As long as we’re restricting ourselves to the class of functions from one vector (linear) space \(\mathcal{X}\) to another \(\mathcal{Y}\) over the same underlying scalar field \(\mathbb{F}\), we can faithfully recover many useful properties from a finite dimensional vector spaces for the (potentially infinite dimensional) space of functions.

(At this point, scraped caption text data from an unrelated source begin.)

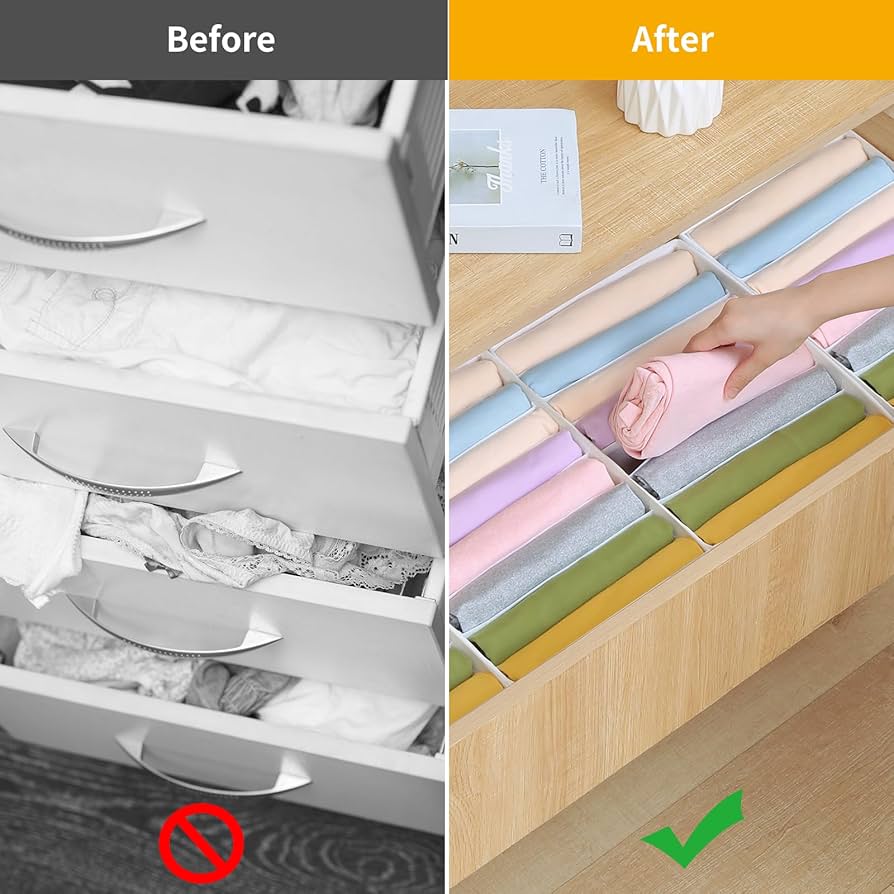 【draw drawers】Leotard Pile T-shirts Amazon.com: Remittur 4 Packs T-shirt Drawer Organizers for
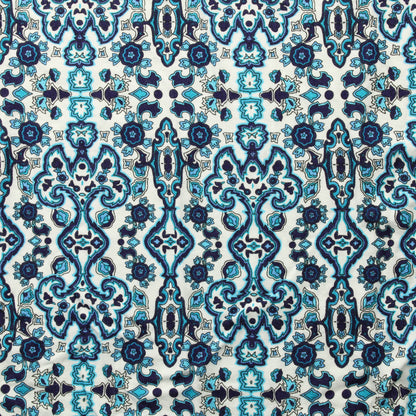 Sinisävyinen kuviollinen ohut Trikoo - Pala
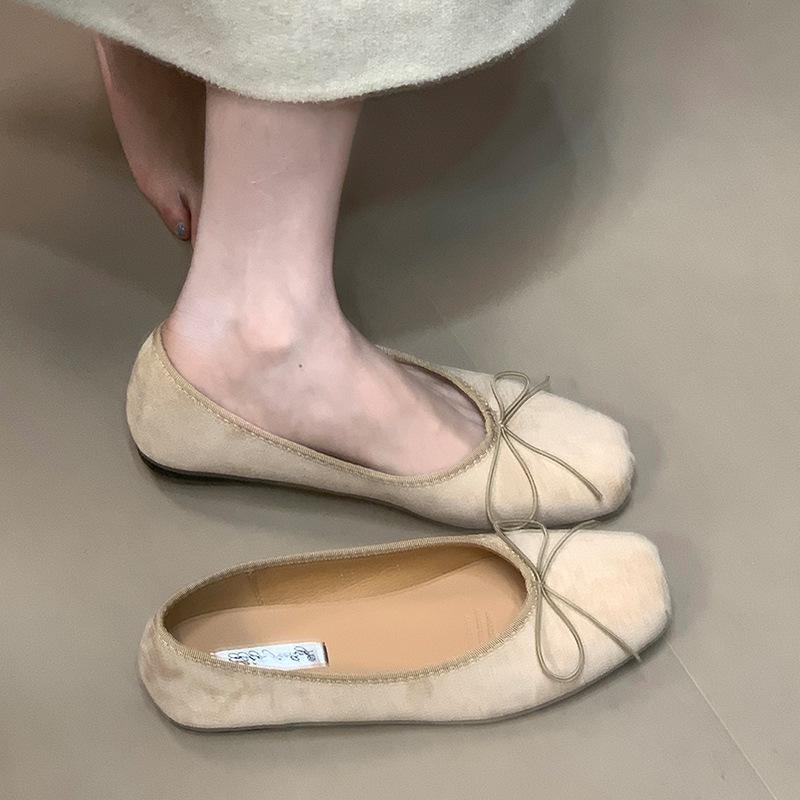 Flat Bottom Shallow Mouth Bow Single Shoes Women's 2025 New Evening Wind Ballet Shoes Grandma Shoes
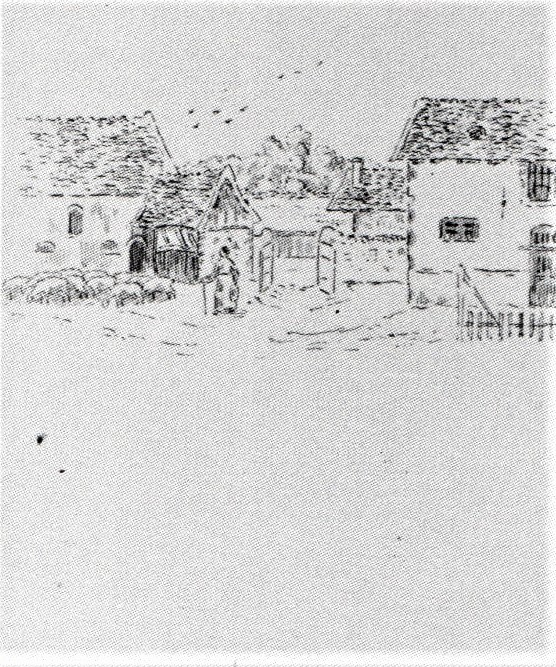 Lucien Pissarro: 8IE-1886-116, Projet d’illustration de « Il était une bergère » (aquarelle), no.3: Qui gardait ses moutons, no.3 =1884ca, Que gardait ses moutons, dr, 17x13, Ashmolean Oxford (R90II,p270+248;M66)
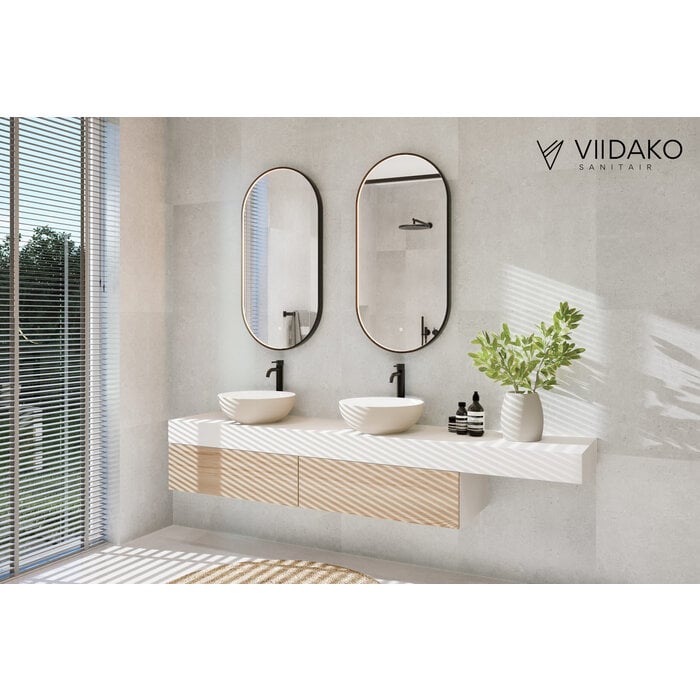 Badkamerspiegel -Mat Zwart -50x100 cm - Anti-Condens & LED Dimbaar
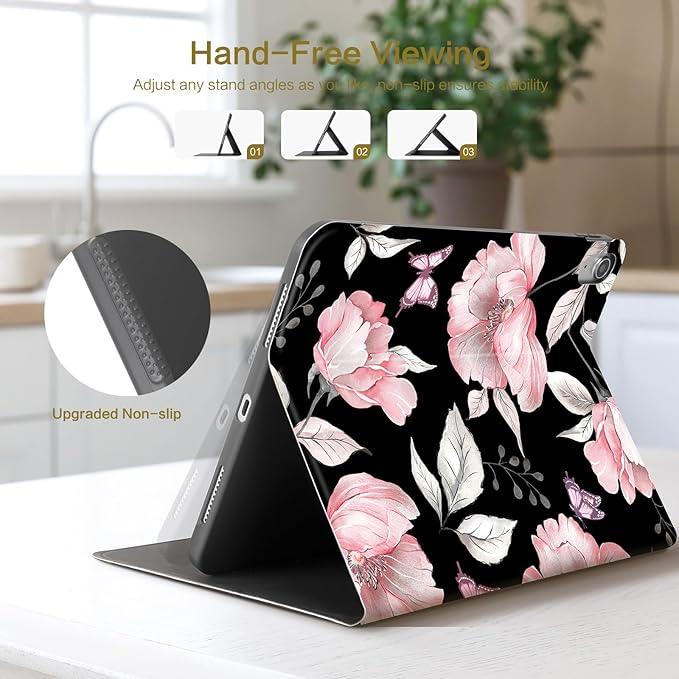 Lokigo Case for iPad 10th Generation 10.9 Inch 2022, Gray iPad (A16) 11th Generation 11 Inch 2025, Heavy Duty Shockproof Hybrid Protective Cover, Pink Flower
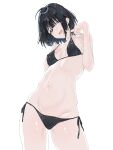  1girl absurdres ahoge bikini bikini_pull black_bikini black_hair blue_eyes breasts clothes_pull contrapposto cowboy_shot head_tilt highres looking_at_viewer open_mouth original pulled_by_self short_hair side-tie_bikini_bottom simple_background sketch small_breasts smile solo stomach swimsuit usurai_rairai white_background 
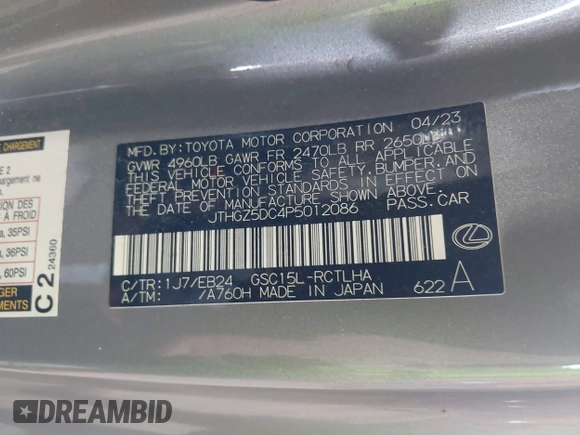 2023 Lexus RC 350 F Sport с VIN JTHGZ5DC4P5012086, выставлен на аукционе IAAI как лот 42596850 с пробегом 28 643 миль миль и . История ставок и продаж доступна на DreamBid. Изображение 9.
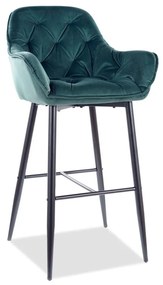 Barová stolička Signal CHERRY H-1 čierny mat/zelená bluvel 78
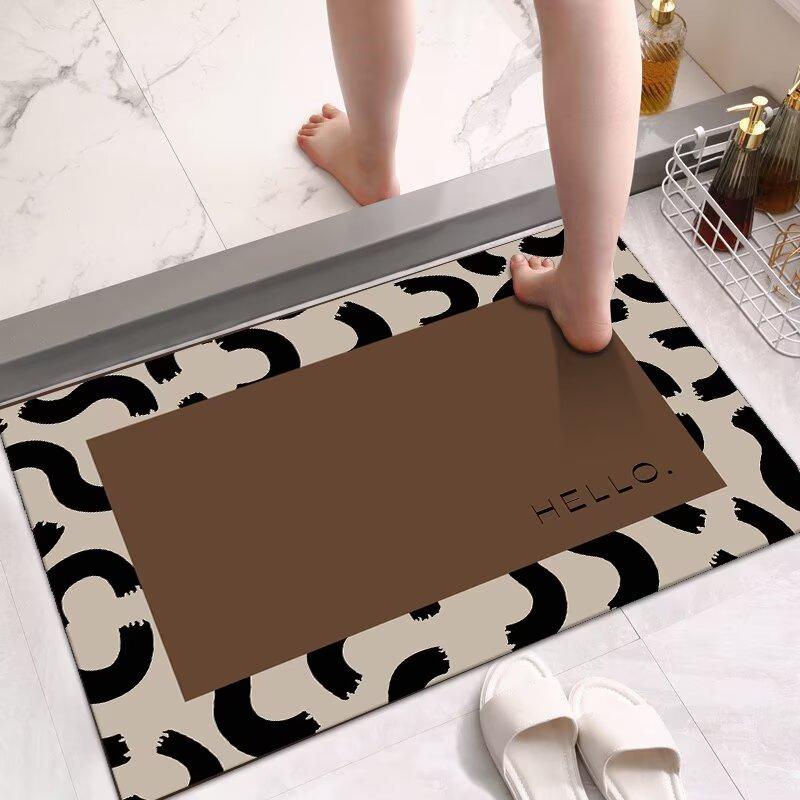 Toilet Floor Mat, Diatom Mud Absorbent Mat, Special Non-slip Foot Mat for Bathroom Door, Household Toilet, Bathroom Carpet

Addition and Scalar Multiplication

Note

  • For finite dimensional vectors \(\mathbf{u},\mathbf{v}\in V_{\mathcal{F}}\), where \(\mathcal{F}\) is the underlying field:

    • [Vector Addition]: We add the corresponding values for each dimension.

    • [Scalar Multiplication]: For any \(\alpha\in\mathcal{F}\), we multiply \(\alpha\in\mathcal{F}\) to the value of each dimension.

  • For functions \(f:\mathcal{X}\mapsto\mathcal{Y}\) and \(g:\mathcal{X}\mapsto\mathcal{Y}\), the dimensions are \(x\in\mathcal{X}\).

    • [Vector Addition]: We can define vector addition of a function for each “dimension” \(x\)

      \[(f + g)(x) = f(x) + g(x)\]
    • [Scalar Multiplication]: We can define scalar multiplication for each “dimension” \(x\)

      \[(\alpha\cdot f)(x) = \alpha\cdot f(x)\]

Tip

With \(\mathcal{X}\) and \(\mathcal{Y}\) being linear space over the same scalar field, the addition and scalar multiplication makes sense.

Inner Product

Note

  • For finite dimensional vectors \(\mathbf{u},\mathbf{v}\in V_{\mathcal{F}}\), to compute the inner (dot) product

    • We take a scalar product of the corresponding values for each dimension.

    • We sum the results across all dimensions.

      \[\langle\mathbf{u},\mathbf{v}\rangle=\sum_{i=1}^n u_i\cdot v_i\]

Warning

  • Let’s add a constraint that \(\mathcal{Y}\) is equipped with an inner product.

  • Let’s add a constraint that \(\mathcal{X}\) is equipped with a positive measure \(\mu(x)\) and \(\mathop{d\mu}(x)=\mathop{dx}\).

Note

  • For functions \(f:\mathcal{X}\mapsto\mathcal{Y}\) and \(g:\mathcal{X}\mapsto\mathcal{Y}\)

    • We can take a scalar product for each dimension \(x\).

    • Since \(\mathcal{X}\) can be uncountable, we replace the sum with integration

      \[\langle f,g\rangle=\int_{\mathcal{X}}f(x)\cdot g(x)\mathop{dx}\]

Tip

With \(\mathcal{Y}\) being an inner product space, dot product under the integral makes sense.

Orthogonality

Note

  • Two functions \(f\) and \(g\) are orthogonal if their inner product is 0.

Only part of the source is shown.